§ **WHAT THE TASK ASKS**:
Print exactly the lines from the one that contains "Go to the block" through the last line of the material, both included, and leave out all pictures.

§ **INFORMATION SHOWN**:
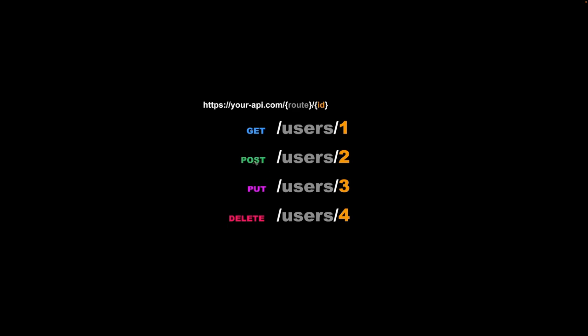The POST method means you're posting data to your API — inserting data into the database. For example, a route like 'users/2' inserts a new user with id 2, and you can also post data like the name and role of the user. The PUT method means you're updating a user, and DELETE, as the name says, deletes a certain user. If you don't specify an identifier with GET, you retrieve all users from your database.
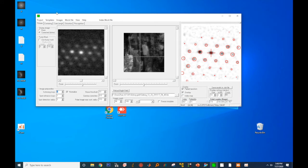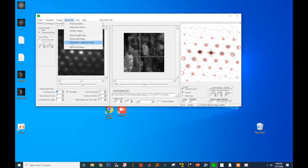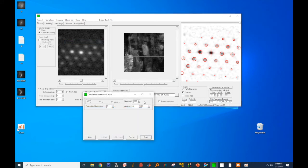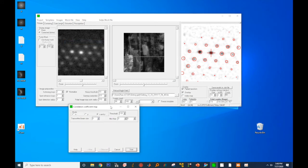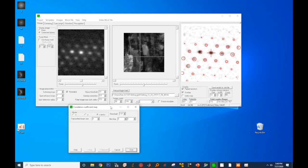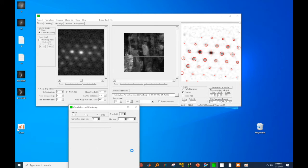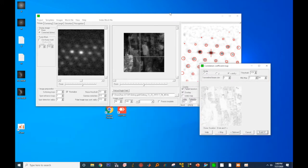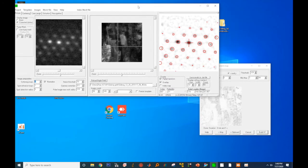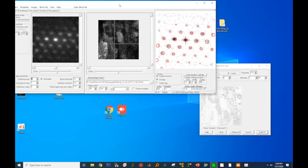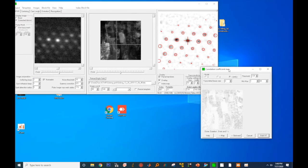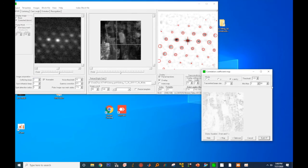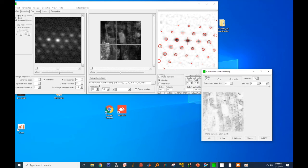Go to the block file tab, select the correlation coefficient map. The current selected mode is X and Y. I'll talk about it later. Then click on start. It will generate the correlation coefficient map. What the correlation coefficient map does is it compares the diffraction pattern of a pixel to its neighboring pixels.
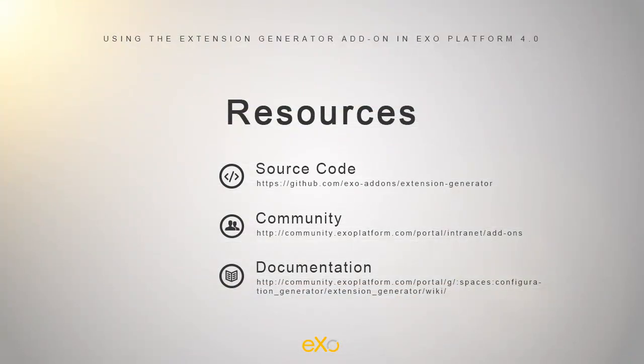For more information and discussions about the extension generator add-on and more, you can visit our community website at community.exoplatform.com. Once there, simply join the development kit extension generator space where you will have access to all the documentation relevant to this add-on.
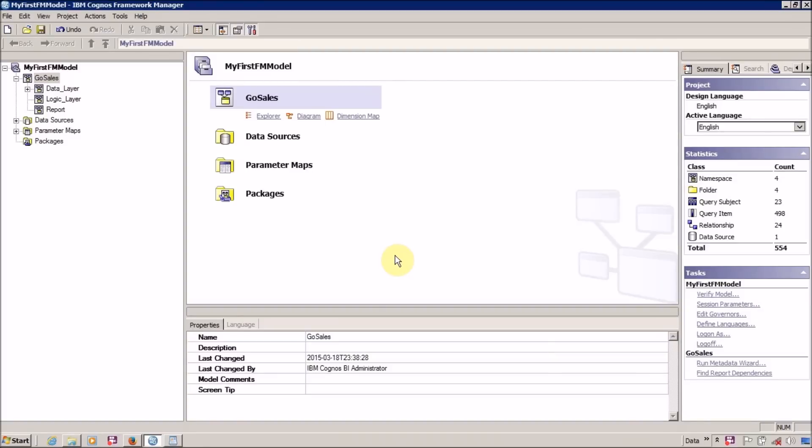Hello everyone, this is Mang Sanghvi and I am back with another Framework Manager tutorial video. In this video we are going to learn about how to create a logic layer or business layer, or what we need to perform inside a logic layer or business layer.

§ **ANSWER AREA**:
Go to the block file tab, select the correlation coefficient map. The current selected mode is X and Y. I'll talk about it later. Then click on start. It will generate the correlation coefficient map. What the correlation coefficient map does is it compares the diffraction pattern of a pixel to its neighboring pixels.
For more information and discussions about the extension generator add-on and more, you can visit our community website at community.exoplatform.com. Once there, simply join the development kit extension generator space where you will have access to all the documentation relevant to this add-on.
Hello everyone, this is Mang Sanghvi and I am back with another Framework Manager tutorial video. In this video we are going to learn about how to create a logic layer or business layer, or what we need to perform inside a logic layer or business layer.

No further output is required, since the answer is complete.